A couple of years ago I found an old Sanskrit document from the 13th century that was about combinatorial math. Almost nobody the author knew would have had the foggiest idea what he was talking about. But I found a translation of this document and it was speaking to me. I had done similar kinds of thinking when I was beginning in computer programming.
And so to me reading source materials is great enrichment for my own life and creativity.
I was unable to pass that on to any of my students. There are people alive now in computer science who are doing this well—a few. But I could count on the fingers of one hand the people who love source materials the way I do.
I’ve got lots of collections of source code. I have compilers, the Digitek compilers from the 1960s were written in a very interesting way. They had their own language and they used identifiers that were 30 characters long but very descriptive, and their compilers ran circles around the competition at the time—this company made the state-of-the-art compilers of 1963 or ’64.
And I’ve got Dijkstra’s source code for the THE operating system. I haven’t read that. I’ve just skimmed it so far but I collected it because I’m sure it would be interesting to read if I had time.
One time I broke my arm—fell off a bike—and I had a month where I couldn’t do anything much, so I read source code that I had heard had some clever ideas in it that hadn’t been documented. I think those were all extremely important experiences for me.
Seibel: How do you tackle reading source code? Even reading something in a programming language you already know is a tricky problem.
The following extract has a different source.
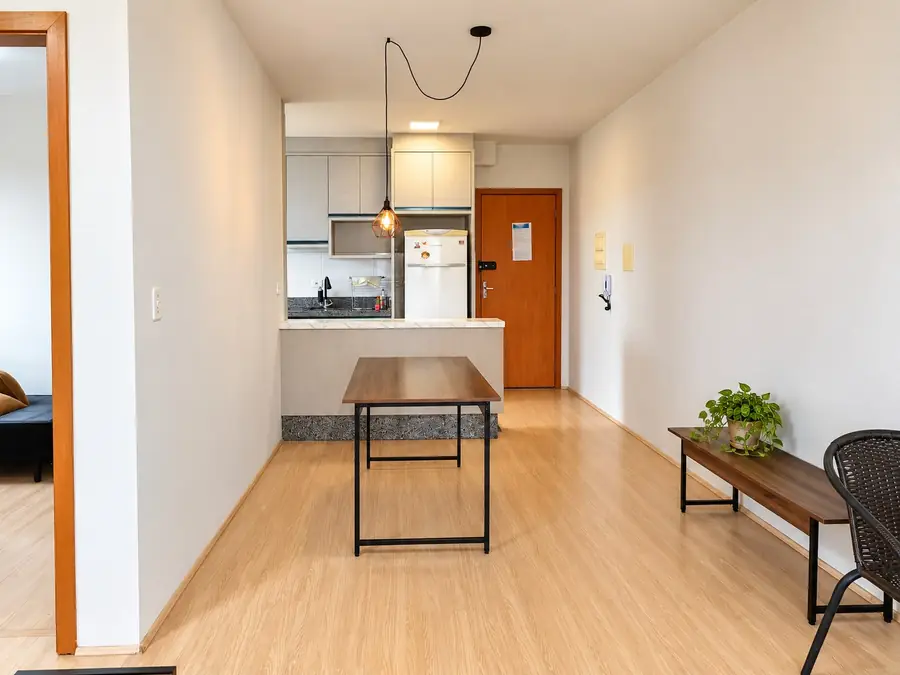 Sala de jantar integrada à cozinha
Knuth: But it’s really worth it for what it builds in your brain. So how do I do it? There was a machine called the Bunker Ramo 300 and somebody told me that the Fortran compiler for this machine was really amazingly fast, but nobody had any idea why it worked. I got a copy of the source-code listing for it. I didn’t have a manual for the machine, so I wasn’t even sure what the machine language was.
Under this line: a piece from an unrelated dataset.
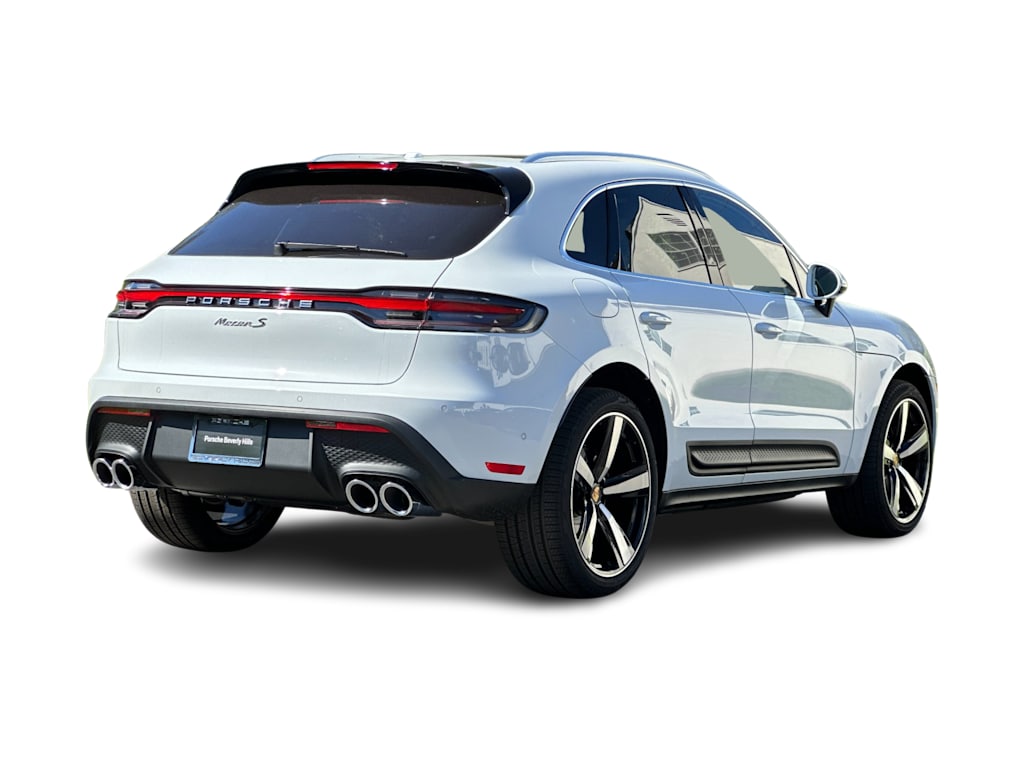 Thumbnail: 2026 Porsche Macan - 19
But I took it as an interesting challenge. I could figure out BEGIN and then I would start to decode. The operation codes had some two-letter mnemonics and so I could start to figure out “This probably was a load instruction, this probably was a branch.” And I knew it was a Fortran compiler, so at some point it looked at column seven of a card, and that was where it would tell if it was a comment or not.
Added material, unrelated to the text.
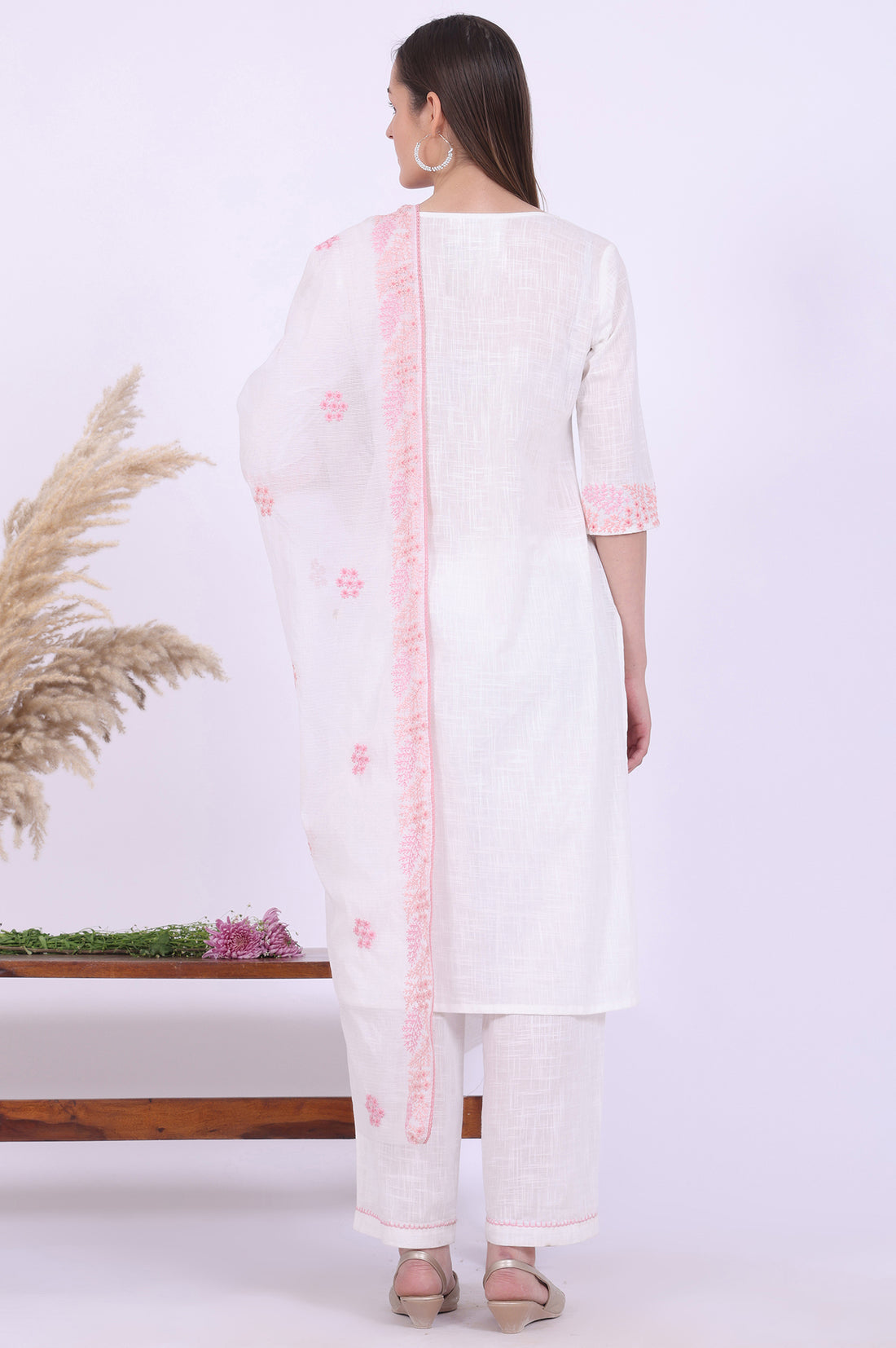 White Embroidered Straight Pure Cotton Kurta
After three hours I had figured out a little bit about the machine. Then I found these big, branching tables. So it was a puzzle and I kept just making little charts like I’m working at a security agency trying to decode a secret code. But I knew it worked and I knew it was a Fortran compiler—it wasn’t encrypted in the sense that it was intentionally obscure; it was only in code because I hadn’t gotten the manual for the machine.
Eventually I was able to figure out why this compiler was so fast. Unfortunately it wasn’t because the algorithms were brilliant; it was just because they had used unstructured programming and hand optimized the code to the hilt.
It was just basically the way you solve some kind of an unknown puzzle—make tables and charts and get a little more information here and make a hypothesis. In general when I’m reading a technical paper, it’s the same challenge. I’m trying to get into the author’s mind, trying to figure out what the concept is. The more you learn to read other people’s stuff, the more able you are to invent your own in the future, it seems to me.
We ought to publish code. The Lions Book is available. And Bill Atkinson’s programs are now publicly available thanks to Apple, and it won’t be too long before we’ll be able to read that. That’s well-documented code with lots of pioneering graphics algorithms in it.
Seibel: Certainly with open source there’s a lot more code out there to read than there use to be.
Knuth: Yeah, that’s right. But the more varieties of different kinds of notations are still useful—don’t only read the people who code like you.